Now after the UK Parliament has rejected May's Deal thrice and amid confusion prevailing about what to do next, how can the UK Government deliver the Referendum Result on 12 April 2019 without the dreaded “Cliff Edge”.
The emotive phrase “Cliff Edge” is understood as “leaving the EU abruptly without adequate preparation”, which, of course, is a bad thing.
But the phrase “Cliff Edge” is usually used interchangeably with another phrase, “no deal”, which means exiting without, either the deal negotiated by Theresa May (the UK PM), which she cannot get approved by the UK Parliament, or some amended version of it which she has failed to come up with so far, and for which she seeks an extension of time.
Unlike “Cliff Edge”, which is bad, this “no [May] deal” is good, because it is this May Deal that has been the obstacle to the UK Government ending the UK Membership of the EU in an orderly way (i.e. without a “cliff edge”).
The UK Government cannot resolve the present “deadlock”, but the EU can.

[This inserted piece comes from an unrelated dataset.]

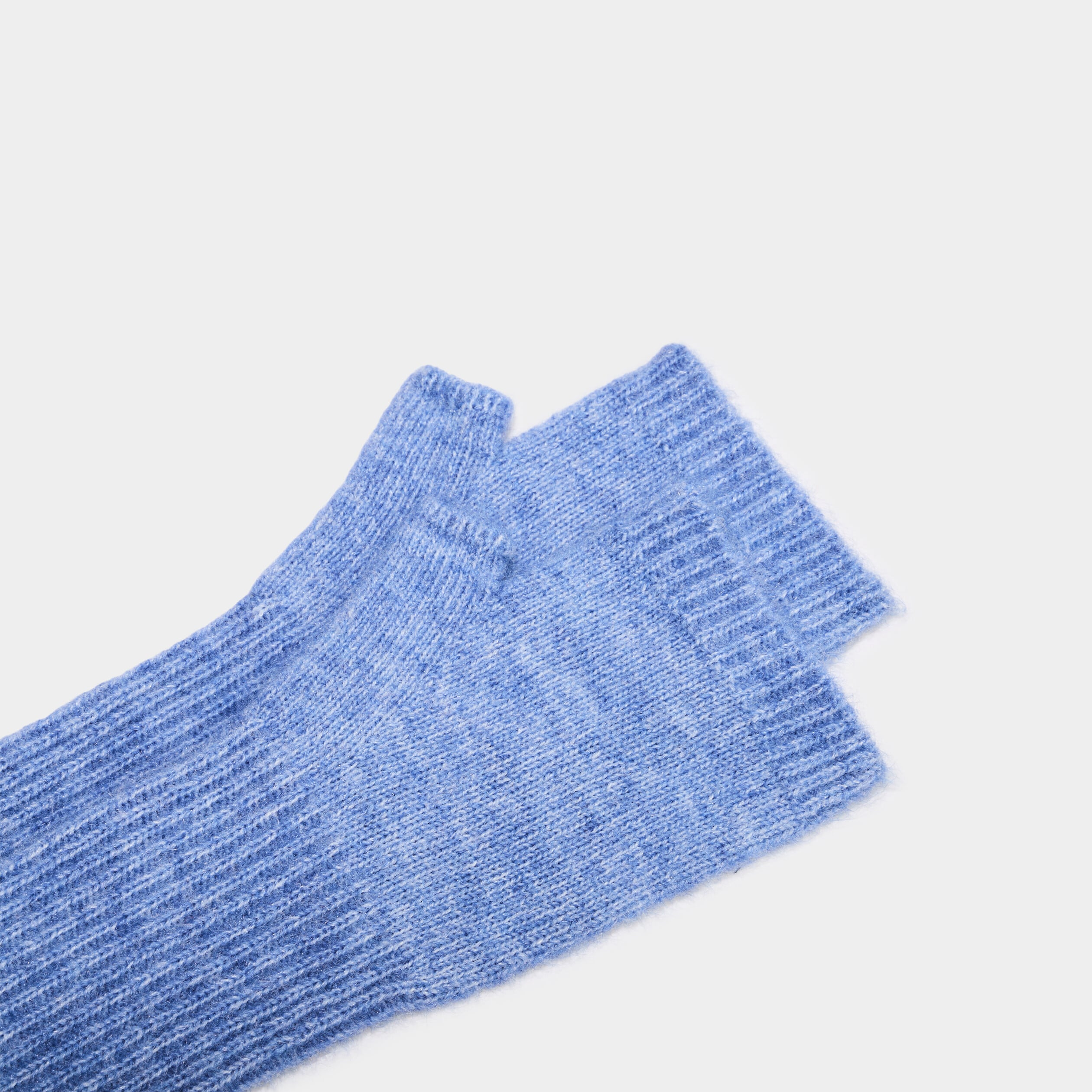 Mitaines longues en maille c&ocirc;tel&eacute;e bleu ciel femme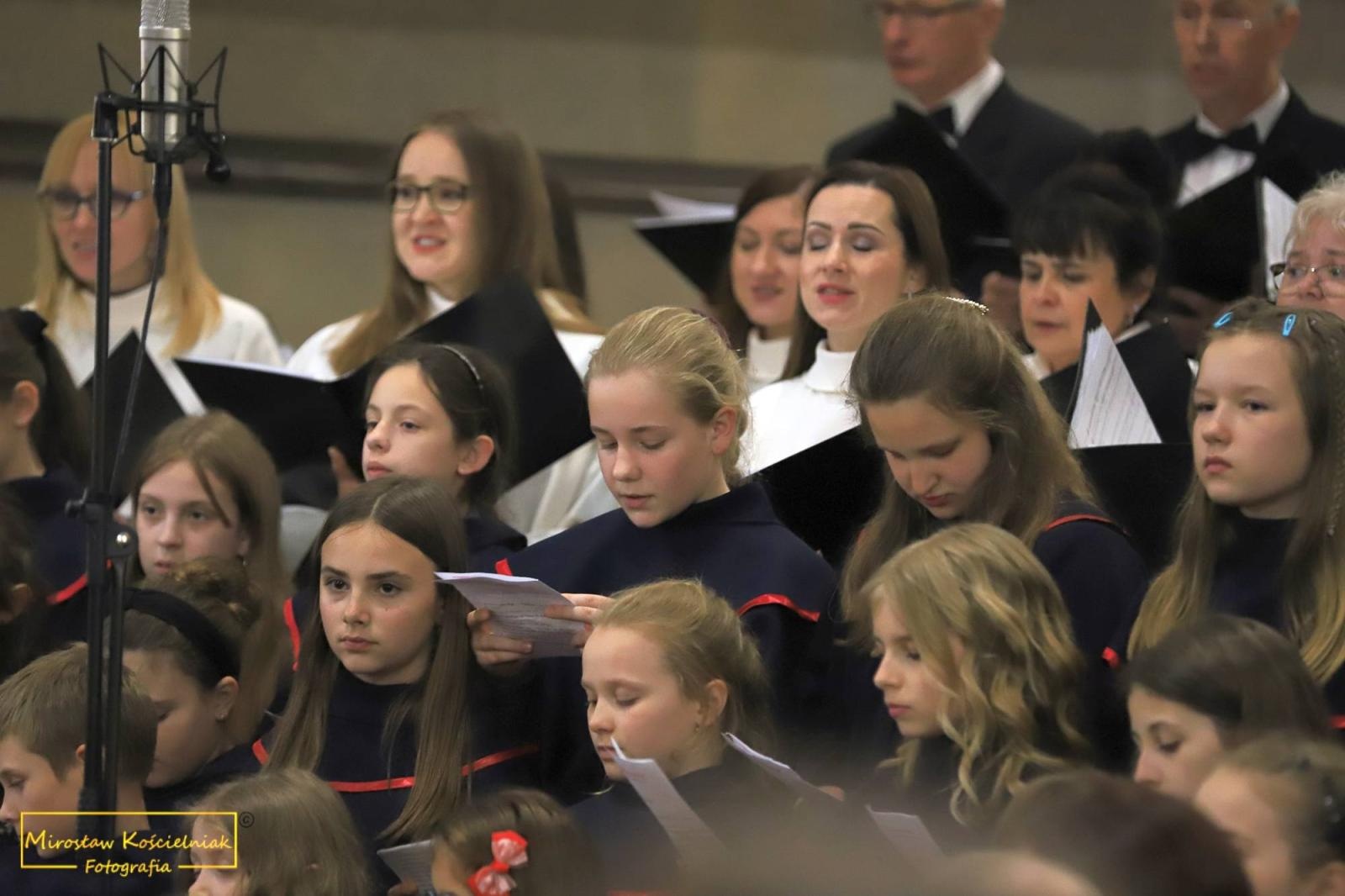 Zdjęcie w galerii na portalu naszraciborz.pl: Raciborskie nieszpory ze scholą ze Starych Budkowic [FOTO i WIDEO] wiadomości z regionu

The EU can refuse the UK request for extension of time, and end the UK membership of the EU on 12 April 2019, and without a “cliff edge”.
To avoid the “cliff edge” the EU can propose that, while the UK membership will end on 12 April 2019, the EU will not make any substantive changes to the present relations with the UK without giving the UK at least 6 months notice, and it expects the UK to do the same.
Such proposal will give both the parties time to make preparations for the changes in their relationships arising out of the termination of the membership, while giving both the sides the freedom to change their relations as they see fit, in their new position of independent administrative entities.
By doing so the EU will do a great favour to the UK and itself by putting an end to the period of confusion and uncertainty which is destroying the UK system of governance and has adverse effect on the EU as well.